There are a few ways to pay for a wedding:

1. Her parents pay

2. His parents pay

3. Marry rich and your squeeze pays (word of warning: my mom always says it is cheaper (in many ways) to borrow money than to marry for it)

4. Win the lottery

5. Start your married life off with lots of debt

6. Plan for it

I hope you know me well enough that I am going to encourage strategy 6.

Strategies 1,2 and 3 are all things that may reasonably happen….but as a full-fledged adult, it isn’t smart to expect your parents to foot the bill, and I have already shared my mom’s wisdom about marrying rich.

So as an independent, financially savvy adult, you must PLAN for how to pay for your wedding!

Now, this may be less than appealing. Why would you start saving for your wedding when you are still in the OKCupid-induced “I wasn’t sure whether to laugh, cry or run” phase of your dating life? Because you are smart. And you know $18k doesn’t grow on trees. And one day you want to have a wedding with an open bar. 80% of people get married by the age of 40, so statistically speaking, you will probably be one of those people. (No pressure, I’m just reporting facts here).

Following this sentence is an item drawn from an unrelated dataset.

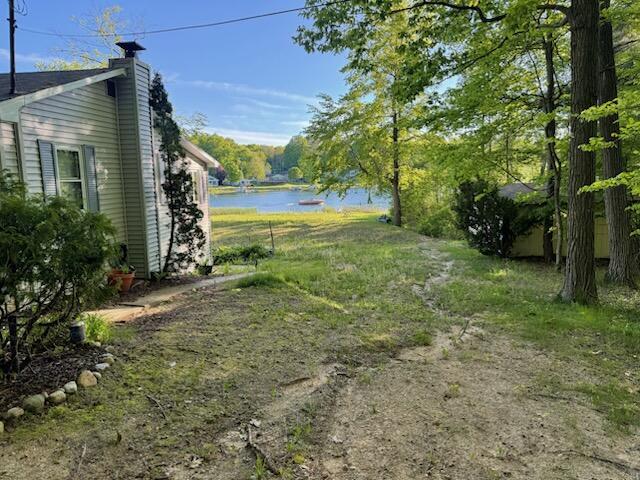 4605 Hunters Trl, Six Lakes, MI 48886 - view of yard featuring a water view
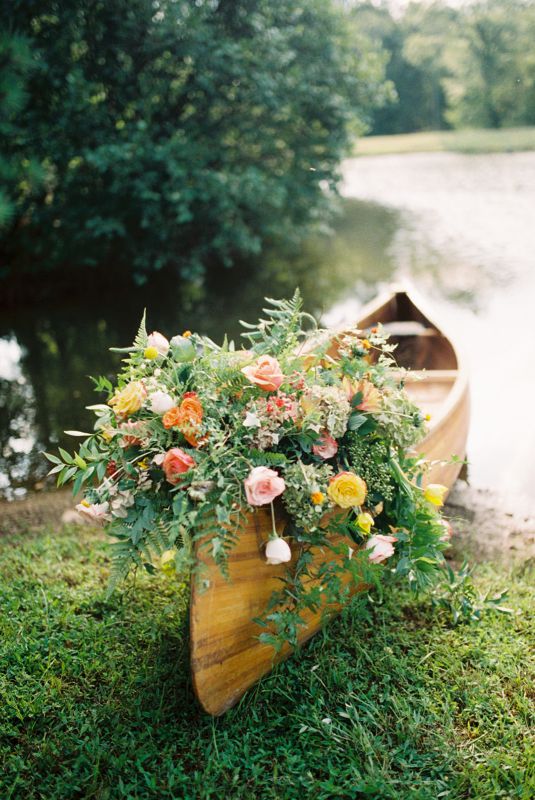 bridal bouquet resting on a canoe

Here is a hypothetical timeline:

Age 23: Go on date with man who tells you he used to have pet rabbits but he accidentally drowned them.* Swear off of dating forever.

Age 25: Meet man who makes you laugh.

Age 25.5: Begin to suspect that the man who makes you laugh might be the man you want to make you laugh forever.

Age 26: Get engaged.

Age 27: Get married. Have open bar at wedding.

So when should you have started saving for this awesome wedding? Well, it depends on the other factors in your life. If you are having trouble making rent, you need to focus on taking care of the basics. If you are taking care of paying your bills, paying off debt, building an emergency fund and saving for retirement and you still have some disposable income- you can add saving for your wedding into your budget.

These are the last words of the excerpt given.